KENYA: State to register all citizens in digital database

The Government will register all Kenyans in a national digital database as a measure of addressing security challenges and arrest cases of fake identification documents. Deputy President William Ruto said the move will see a consolidation of all current registers of persons and development of a common database, which will bear biometric details of all those registered.

This will help the Government to address security issues and enhance planning. The database will contain biometric details of all persons, land, establishments and assets. The registration will start in three months. The database will capture new births registration.

There are some interesting details in the story and some important details are missing. We’ll just have to wait and see.
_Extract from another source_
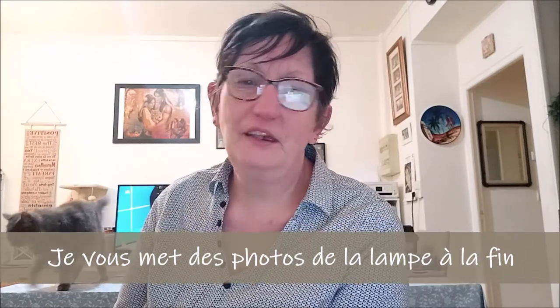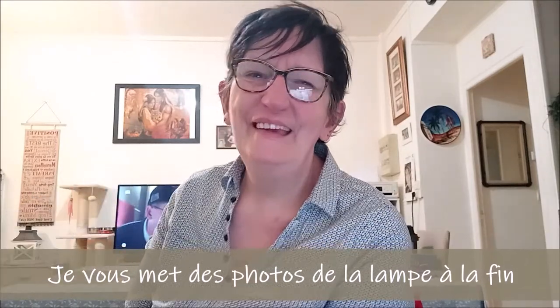Bon, c'était pas le sujet de la vidéo. Le sujet de la vidéo, c'était pour vous montrer cette nouvelle lampe de bureau, qui va bien m'aider dans mes coloriages, mes diamant paintings et mes vidéos. Allez, je vous laisse pour aujourd'hui. J'espère que cette petite vidéo vous aura plu. Si vous avez des questions, n'hésitez pas en commentaire, et j'y répondrai du mieux que je pourrai. Je vous fais plein de gros bisous, et on se retrouve très rapidement pour de nouvelles vidéos, de nouvelles aventures et plein de belles choses. À bientôt, bisous !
Data privacy in schools is about much more than biometrics

As we’ve often said before, if schools can’t be trusted with private information, biometrics aren’t the problem. It’s nice to see that education professionals take a broad view of student privacy issues.

State Lawmakers Ramp Up Attention to Data Privacy (Education Week)

As the appetite for educational data on students has grown across the K-12 sector, so has the stated desire among many state lawmakers to try to protect the privacy and security of sensitive student information.

Spurred by concerns that the rise of education technology and the increasing prevalence of new assessments will place student data in unreliable hands or be put to nefarious uses, lawmakers in dozens of states have acted this year to clarify who has what access to student data and to specify the best practices for shielding that data.

Biometrics gets an undue amount of attention where child privacy issues are concerned and they are mentioned quite a few times in the article. The article, however, is written for the education insider so it is missing the “passion” one often finds in the techy press and political news stories.

A gimlet eye on the FBI’s face recognition database

The Electronic Frontier Foundation’s FOIA request/lawsuit for FBI records about its facial recognition efforts has borne fruit, as we thought it might.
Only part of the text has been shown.